** Data excerpts **

######

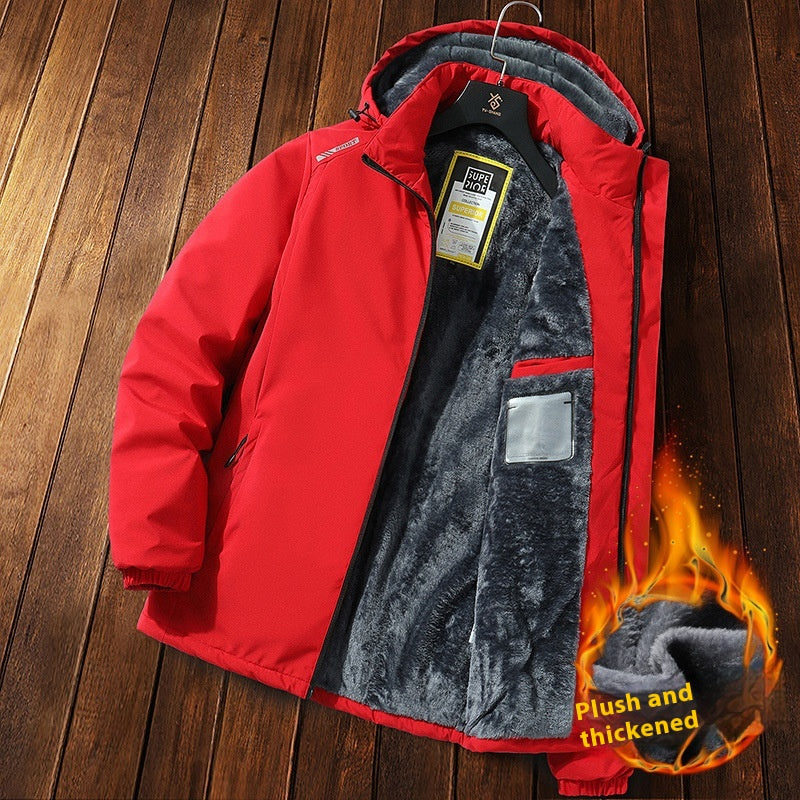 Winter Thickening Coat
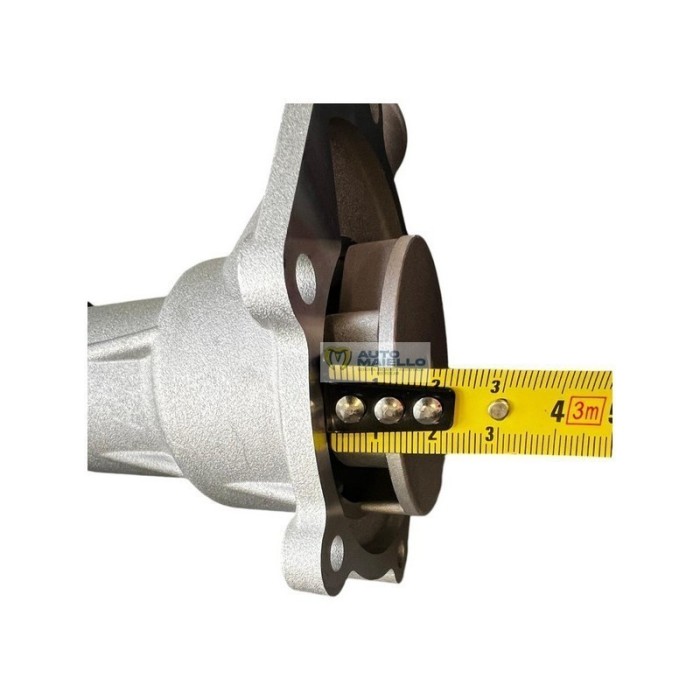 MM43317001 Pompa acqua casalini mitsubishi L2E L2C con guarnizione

######

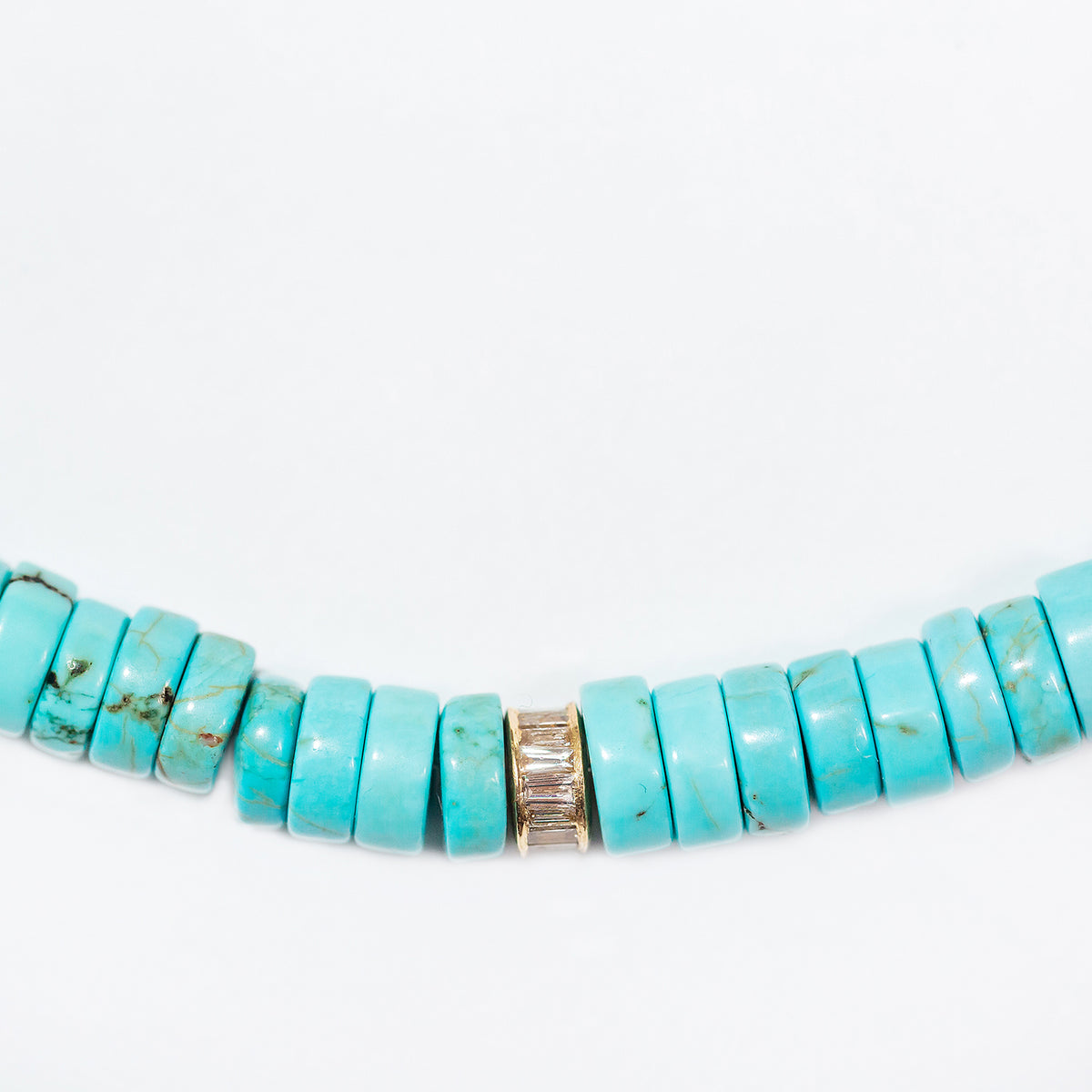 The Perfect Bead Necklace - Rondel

######

Would you copy the lines above exactly, starting with the one that has "Winter Thickening Coat" and ending with the one that has "MM43317001 Pompa acqua", both included, without the pictures?

** Result of the task **
 Winter Thickening Coat
 MM43317001 Pompa acqua casalini mitsubishi L2E L2C con guarnizione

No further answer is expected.